When people picture strategic planning, they usually imagine many people in suits sitting around a boardroom table. They hardly ever consider HR showing up to have a say – and yet doing so can vastly increase the success of any given plan.
Business and strategic planning are required when it comes to running an effective business. More than that, the plans must be capable of adaptation as events and environments change. How does HR (Human Resources) play a role in this?
Filling in Roles and Skill Gaps
Skill gaps are a very real and serious problem within every organization. That is to say – a company must always be aware of its weaknesses and what roles are in dire need of filling. Frequently, that means they are looking for talent with specific skills or knowledge to fill those gaps.
Here is where HR comes in. If HR is unaware of these skill gaps – or their role in strategic planning – they will never be able to appropriately hire the company. The two go hand and hand here, as it is HR’s role to handle recruitment.
Employee Satisfaction and Morale
Besides handling recruitment, HR is responsible for employee satisfaction and morale. They are the ones that handle onboarding, training, promotions, pay rates, and monitoring for employee engagement and satisfaction.
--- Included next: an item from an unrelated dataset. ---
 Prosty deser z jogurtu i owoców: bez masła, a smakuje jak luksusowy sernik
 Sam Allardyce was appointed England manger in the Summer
All of which means that HR must be up-to-date in company goals and structures. A human resources department that is thoroughly trained and integrated will have more success than one that is tucked off to the side and rarely involved.
Conversely, HR’s presence during strategic planning can help prevent significant mistakes from being made. Remember, HR is primarily about the people within the company – they understand staffing needs and requirements, among other things.
As such, HR can prevent disastrous decisions. Such as calling for more hours than a team can feasibly achieve or forcing a move that’ll limit employment. Yet another thing to keep in mind when it comes to making changes within a company’s infrastructure.
Finally, let us not forget that HR contains vital information about the company: the people. They know the numbers, available hours, payroll options, and even schedule vacations. All of which may have a direct impact on future plans.